BEGIN RECORD EXCERPTS

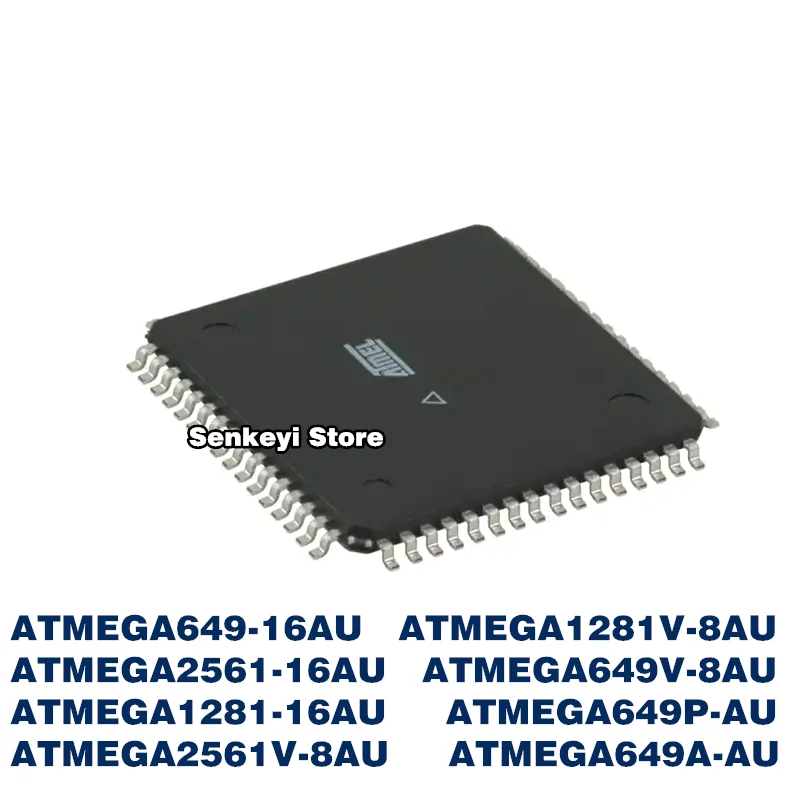 ATMEGA649-16AU ATMEGA649A-AU ATMEGA649P-AU ATMEGA649V-8AU ATMEGA1281-16AU ATMEGA1281V-8AU ATMEGA2561-16AU ATMEGA2561V-8AU QFP64
ATMEGA649-16AU ATMEGA649A-AU ATMEGA649P-AU ATMEGA649V-8AU ATMEGA1281-16AU ATMEGA1281V-8AU ATMEGA2561-16AU ATMEGA2561V-8AU QFP64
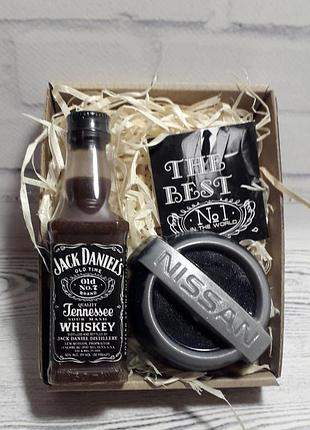 Мильна набір віскі і nissan мило ручної роботи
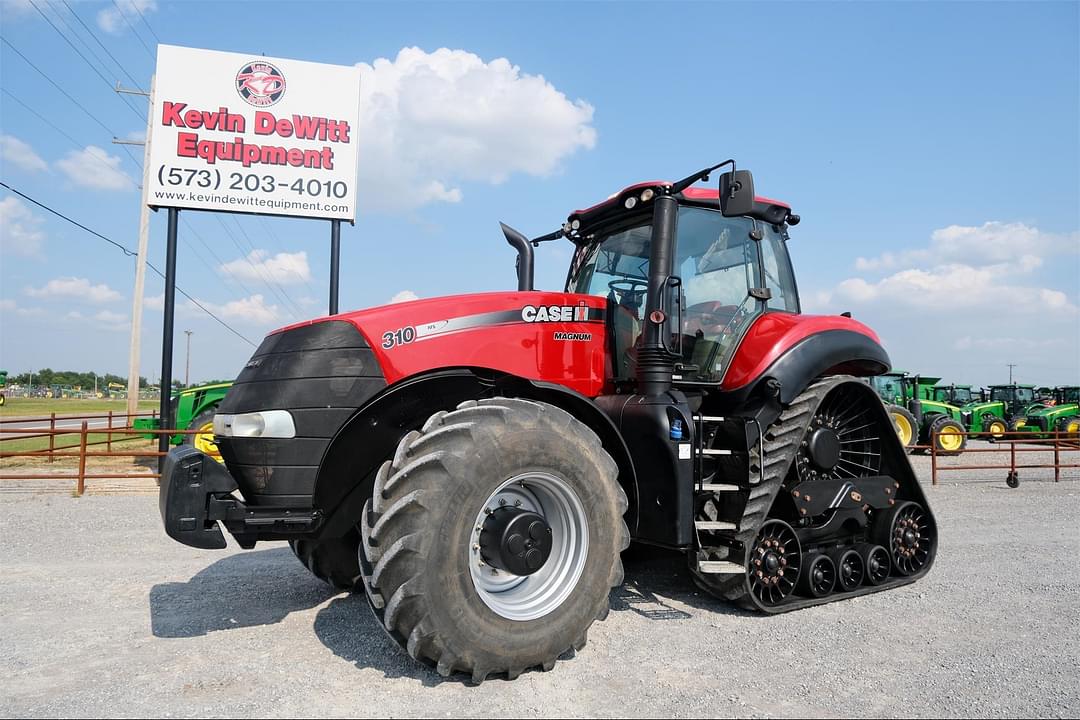 Image of Case IH Magnum 310 Rowtrac Primary image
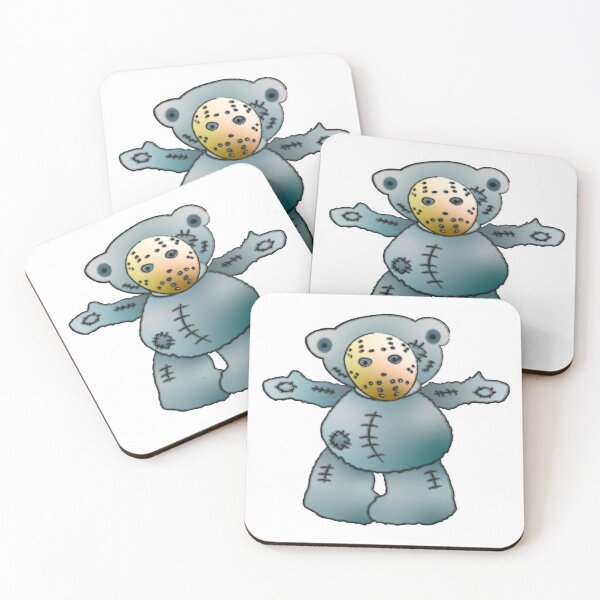 Item preview, It's a masked teddy bear, you know? designed and sold by Ilya Komissarenko.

END RECORD EXCERPTS

## PROBLEM STATEMENT
Nothing but the lines from the line containing "Мильна набір віскі" to the end of the records above should be repeated, exactly and with every picture omitted.

## SOLVED PROBLEM
 Мильна набір віскі і nissan мило ручної роботи
 Image of Case IH Magnum 310 Rowtrac Primary image
 Item preview, It's a masked teddy bear, you know? designed and sold by Ilya Komissarenko.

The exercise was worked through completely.